Karr v. Black

55 A.D.3d 82, 863 N.Y.S.2d 26
CourtAppellate Division of the Supreme Court of the State of New York
DecidedAugust 19, 2008
StatusPublished
Cited by14 cases

This text of 55 A.D.3d 82 (Karr v. Black) is published on Counsel Stack Legal Research, covering Appellate Division of the Supreme Court of the State of New York primary law. Counsel Stack provides free access to over 12 million legal documents including statutes, case law, regulations, and constitutions.

Bluebook
Karr v. Black, 55 A.D.3d 82, 863 N.Y.S.2d 26 (N.Y. Ct. App. 2008).

Opinion

OPINION OF THE COURT

Tom, J.P.

Petitioner seeks visitation with her grandchild over the objection of the child’s parents, respondents Melissa Black, petitioner’s daughter, and Mark Black. The infant is in the care of an intact nuclear family, the record establishes that respondents have a sound basis for their objection to visitation, and petitioner has no existing relationship with the child or the family. Thus, we conclude that petitioner lacks standing to warrant judicial intervention and that Supreme Court properly declined to conduct a hearing to inquire whether visitation would be in the best interest of the child.

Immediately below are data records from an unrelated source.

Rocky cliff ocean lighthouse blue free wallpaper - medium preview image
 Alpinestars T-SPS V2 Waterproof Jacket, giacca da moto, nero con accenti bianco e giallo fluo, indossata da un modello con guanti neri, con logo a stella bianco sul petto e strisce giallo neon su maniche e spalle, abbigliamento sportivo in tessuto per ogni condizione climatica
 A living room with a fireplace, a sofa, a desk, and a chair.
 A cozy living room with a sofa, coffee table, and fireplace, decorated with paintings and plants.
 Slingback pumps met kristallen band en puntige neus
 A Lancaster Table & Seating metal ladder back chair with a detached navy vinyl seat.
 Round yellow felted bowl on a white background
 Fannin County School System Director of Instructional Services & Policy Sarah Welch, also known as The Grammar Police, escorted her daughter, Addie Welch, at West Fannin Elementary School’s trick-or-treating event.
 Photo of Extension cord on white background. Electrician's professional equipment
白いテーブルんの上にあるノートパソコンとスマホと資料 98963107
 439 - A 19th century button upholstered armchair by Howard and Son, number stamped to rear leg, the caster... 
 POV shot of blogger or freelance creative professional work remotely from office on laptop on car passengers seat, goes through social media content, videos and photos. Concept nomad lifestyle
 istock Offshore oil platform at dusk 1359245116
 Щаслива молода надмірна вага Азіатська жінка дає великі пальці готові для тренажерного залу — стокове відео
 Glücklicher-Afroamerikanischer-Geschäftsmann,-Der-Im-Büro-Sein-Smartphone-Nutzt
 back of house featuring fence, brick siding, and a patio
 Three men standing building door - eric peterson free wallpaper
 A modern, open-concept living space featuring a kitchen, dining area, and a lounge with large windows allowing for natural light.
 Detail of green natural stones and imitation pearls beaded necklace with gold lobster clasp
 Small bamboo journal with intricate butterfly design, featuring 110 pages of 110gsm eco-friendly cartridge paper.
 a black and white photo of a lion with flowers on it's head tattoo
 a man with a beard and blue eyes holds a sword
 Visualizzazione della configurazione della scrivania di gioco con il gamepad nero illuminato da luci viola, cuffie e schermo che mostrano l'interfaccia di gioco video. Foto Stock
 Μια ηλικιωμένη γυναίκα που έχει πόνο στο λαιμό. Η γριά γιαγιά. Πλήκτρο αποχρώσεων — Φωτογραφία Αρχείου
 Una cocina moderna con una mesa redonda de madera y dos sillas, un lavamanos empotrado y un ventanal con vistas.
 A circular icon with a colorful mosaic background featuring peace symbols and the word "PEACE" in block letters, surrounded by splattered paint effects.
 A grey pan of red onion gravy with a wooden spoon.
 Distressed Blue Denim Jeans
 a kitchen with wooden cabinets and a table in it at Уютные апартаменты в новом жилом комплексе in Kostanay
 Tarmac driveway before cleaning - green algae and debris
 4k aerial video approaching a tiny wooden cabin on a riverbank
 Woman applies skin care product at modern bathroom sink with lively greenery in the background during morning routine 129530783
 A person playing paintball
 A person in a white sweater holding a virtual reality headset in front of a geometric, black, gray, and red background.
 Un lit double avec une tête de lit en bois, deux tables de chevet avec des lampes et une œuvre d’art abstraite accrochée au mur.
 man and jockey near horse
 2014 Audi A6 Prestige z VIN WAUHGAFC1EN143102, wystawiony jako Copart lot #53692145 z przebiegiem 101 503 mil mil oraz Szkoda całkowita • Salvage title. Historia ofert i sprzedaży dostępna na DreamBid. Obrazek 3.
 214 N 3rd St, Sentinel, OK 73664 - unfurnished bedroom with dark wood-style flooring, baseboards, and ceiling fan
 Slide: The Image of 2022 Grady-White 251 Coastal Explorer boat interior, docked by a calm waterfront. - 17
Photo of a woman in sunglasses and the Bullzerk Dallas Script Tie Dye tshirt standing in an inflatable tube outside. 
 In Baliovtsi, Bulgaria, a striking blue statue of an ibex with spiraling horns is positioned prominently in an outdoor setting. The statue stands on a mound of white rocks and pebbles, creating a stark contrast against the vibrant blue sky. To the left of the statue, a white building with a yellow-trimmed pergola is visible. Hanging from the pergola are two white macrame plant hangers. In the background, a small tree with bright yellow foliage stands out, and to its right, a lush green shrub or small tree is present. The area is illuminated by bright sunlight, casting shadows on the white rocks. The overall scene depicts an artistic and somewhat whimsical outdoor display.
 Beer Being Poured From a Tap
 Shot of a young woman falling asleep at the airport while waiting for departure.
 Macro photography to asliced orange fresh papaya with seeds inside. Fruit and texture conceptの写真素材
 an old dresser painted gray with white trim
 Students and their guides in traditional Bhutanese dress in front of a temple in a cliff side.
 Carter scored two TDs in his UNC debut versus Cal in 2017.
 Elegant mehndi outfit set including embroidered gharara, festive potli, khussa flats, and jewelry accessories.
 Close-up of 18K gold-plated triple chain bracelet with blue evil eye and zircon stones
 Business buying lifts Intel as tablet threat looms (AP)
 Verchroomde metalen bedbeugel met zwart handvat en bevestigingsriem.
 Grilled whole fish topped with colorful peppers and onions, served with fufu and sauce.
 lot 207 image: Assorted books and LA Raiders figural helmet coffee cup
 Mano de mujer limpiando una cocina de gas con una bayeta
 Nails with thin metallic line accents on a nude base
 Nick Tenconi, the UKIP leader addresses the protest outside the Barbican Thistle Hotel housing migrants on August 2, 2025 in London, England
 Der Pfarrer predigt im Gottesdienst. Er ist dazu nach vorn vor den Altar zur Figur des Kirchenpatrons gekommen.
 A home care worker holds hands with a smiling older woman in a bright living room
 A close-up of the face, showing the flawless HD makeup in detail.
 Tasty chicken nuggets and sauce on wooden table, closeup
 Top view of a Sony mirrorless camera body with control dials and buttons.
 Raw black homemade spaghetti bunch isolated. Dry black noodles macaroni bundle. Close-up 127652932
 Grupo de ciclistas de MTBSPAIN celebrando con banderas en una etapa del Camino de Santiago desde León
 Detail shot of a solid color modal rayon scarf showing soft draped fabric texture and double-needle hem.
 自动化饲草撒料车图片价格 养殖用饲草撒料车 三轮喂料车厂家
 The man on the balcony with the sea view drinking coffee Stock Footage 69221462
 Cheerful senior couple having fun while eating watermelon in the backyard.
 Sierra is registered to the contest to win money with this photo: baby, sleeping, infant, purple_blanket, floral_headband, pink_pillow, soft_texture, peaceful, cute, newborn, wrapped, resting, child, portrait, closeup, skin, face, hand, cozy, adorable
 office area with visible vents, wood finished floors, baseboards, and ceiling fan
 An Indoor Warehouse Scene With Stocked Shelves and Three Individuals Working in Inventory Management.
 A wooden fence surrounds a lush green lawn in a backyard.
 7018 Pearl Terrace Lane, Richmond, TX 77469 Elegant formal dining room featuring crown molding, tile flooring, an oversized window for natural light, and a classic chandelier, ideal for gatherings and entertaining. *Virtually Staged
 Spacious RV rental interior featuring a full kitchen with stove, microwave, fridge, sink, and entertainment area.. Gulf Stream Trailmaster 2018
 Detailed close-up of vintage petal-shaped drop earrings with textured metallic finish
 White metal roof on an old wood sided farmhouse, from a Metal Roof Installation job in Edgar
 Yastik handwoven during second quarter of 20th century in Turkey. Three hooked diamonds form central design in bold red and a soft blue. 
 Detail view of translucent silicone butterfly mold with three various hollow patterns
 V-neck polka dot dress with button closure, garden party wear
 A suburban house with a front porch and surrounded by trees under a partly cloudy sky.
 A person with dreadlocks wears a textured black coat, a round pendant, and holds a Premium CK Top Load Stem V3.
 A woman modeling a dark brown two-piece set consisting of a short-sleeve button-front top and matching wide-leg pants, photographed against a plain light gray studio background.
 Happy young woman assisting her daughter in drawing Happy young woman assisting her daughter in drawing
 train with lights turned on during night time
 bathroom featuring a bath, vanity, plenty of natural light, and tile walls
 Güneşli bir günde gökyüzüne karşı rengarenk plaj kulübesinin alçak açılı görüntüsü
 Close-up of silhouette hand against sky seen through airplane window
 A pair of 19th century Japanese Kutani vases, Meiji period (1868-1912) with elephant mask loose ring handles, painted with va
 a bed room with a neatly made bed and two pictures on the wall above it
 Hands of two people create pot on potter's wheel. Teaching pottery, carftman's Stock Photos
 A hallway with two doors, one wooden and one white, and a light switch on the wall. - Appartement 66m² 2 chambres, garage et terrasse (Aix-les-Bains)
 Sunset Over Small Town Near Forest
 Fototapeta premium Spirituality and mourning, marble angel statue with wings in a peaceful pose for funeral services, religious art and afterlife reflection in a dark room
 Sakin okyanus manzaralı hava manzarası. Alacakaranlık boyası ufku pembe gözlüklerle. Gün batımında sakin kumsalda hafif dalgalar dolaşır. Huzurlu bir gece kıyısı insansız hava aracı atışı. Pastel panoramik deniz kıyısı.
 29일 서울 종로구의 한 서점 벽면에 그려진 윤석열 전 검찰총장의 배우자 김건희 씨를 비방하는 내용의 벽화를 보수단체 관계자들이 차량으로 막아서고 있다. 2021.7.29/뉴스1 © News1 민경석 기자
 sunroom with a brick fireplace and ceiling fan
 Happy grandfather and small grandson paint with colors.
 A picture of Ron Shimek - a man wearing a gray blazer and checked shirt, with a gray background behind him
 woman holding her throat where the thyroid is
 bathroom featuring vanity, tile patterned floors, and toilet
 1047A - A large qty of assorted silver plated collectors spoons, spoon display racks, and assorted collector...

Due to petitioner’s long history of mental illness, Melissa Black was raised by her father. Upon his divorce from petitioner in 1980, he was awarded exclusive custody of his daughter. Melissa had limited contact with petitioner while growing up and throughout her adult years, as petitioner continued to manifest mental illness. The court received psychiatric testimony indicating that petitioner was “a deeply troubled and disturbed” manic-depressive “requiring continuous treatment . . . largely dependent upon [her] voluntary cooperation,” and noted the potential for “extensive mental trauma accompanied by a significant probability of permanent emotional damage” to her daughter should she not be removed from petitioner’s care. Following her parents’ divorce, Melissa Black had limited contact with petitioner, stating that on occasions when petitioner was present at family gatherings, “[h]er behavior ranged from bizarre to confrontational.”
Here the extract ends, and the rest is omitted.